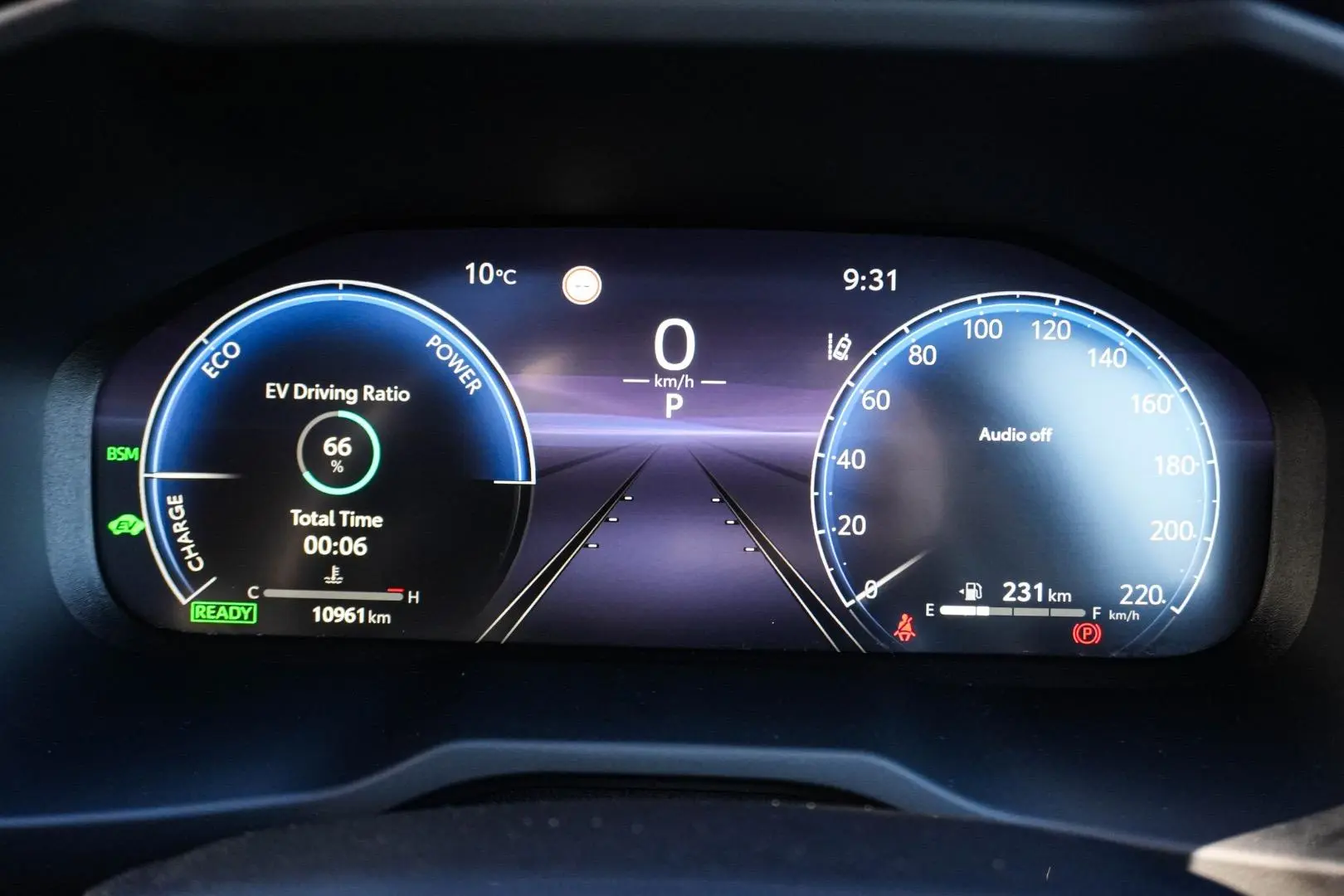 2025 Toyota RAV4 Gallery Image 18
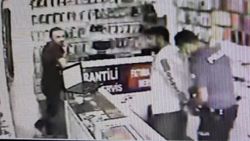 Antalya'da hırsız, telefon çaldığı dükkanın önünden geçerken yakalandı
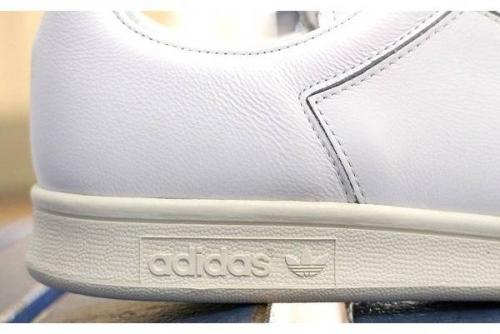 BARNEYS NEWYORKのコラボ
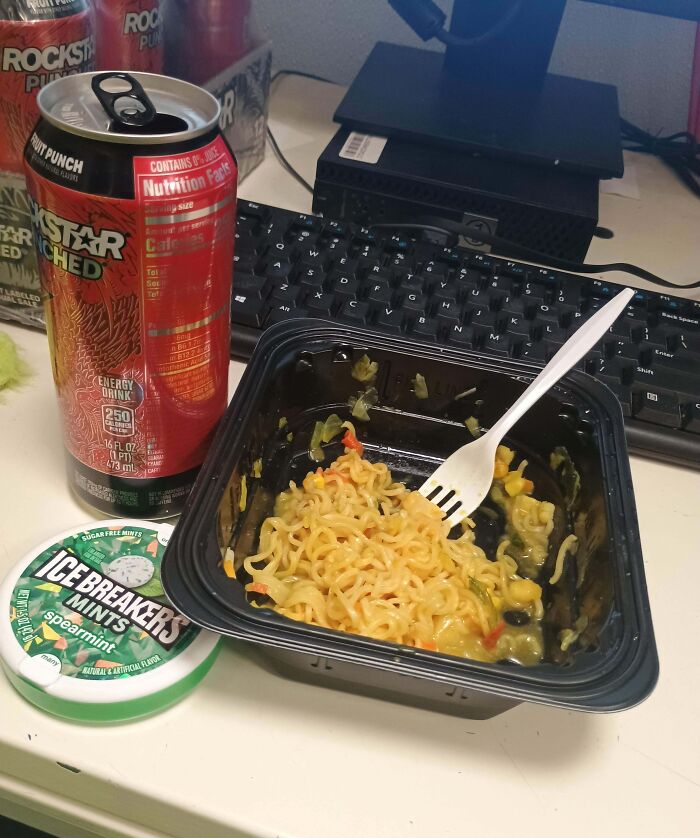 59 Girl Dinner Pics That Come With A Side Of Stories We Were Not Prepared For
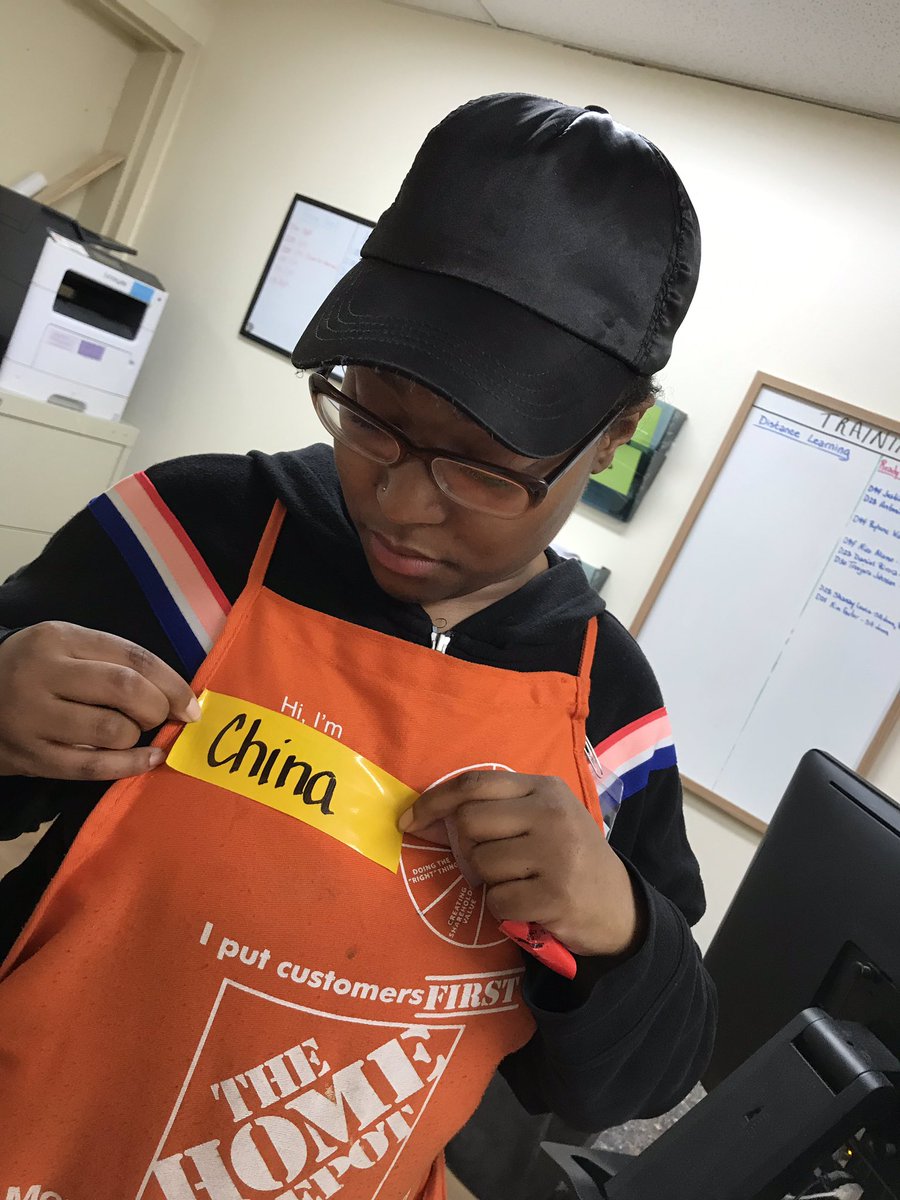 KristaMckinstry's tweet image. #TheRealSouthPhilly #Theredtapeisoff #30daycheckin Cashiers Will and China all checked in and ready to take on their next 30 days! Keep up the great work!! @Lorrainbutler @Roseann74 @dennison_bryan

-------

Work task
For this exercise, return every entry verbatim and omit all pictures.

Task result
 2025 Toyota RAV4 Gallery Image 18
 Antalya'da hırsız, telefon çaldığı dükkanın önünden geçerken yakalandı
 BARNEYS NEWYORKのコラボ
 59 Girl Dinner Pics That Come With A Side Of Stories We Were Not Prepared For
 KristaMckinstry's tweet image. #TheRealSouthPhilly #Theredtapeisoff #30daycheckin Cashiers Will and China all checked in and ready to take on their next 30 days! Keep up the great work!! @Lorrainbutler @Roseann74 @dennison_bryan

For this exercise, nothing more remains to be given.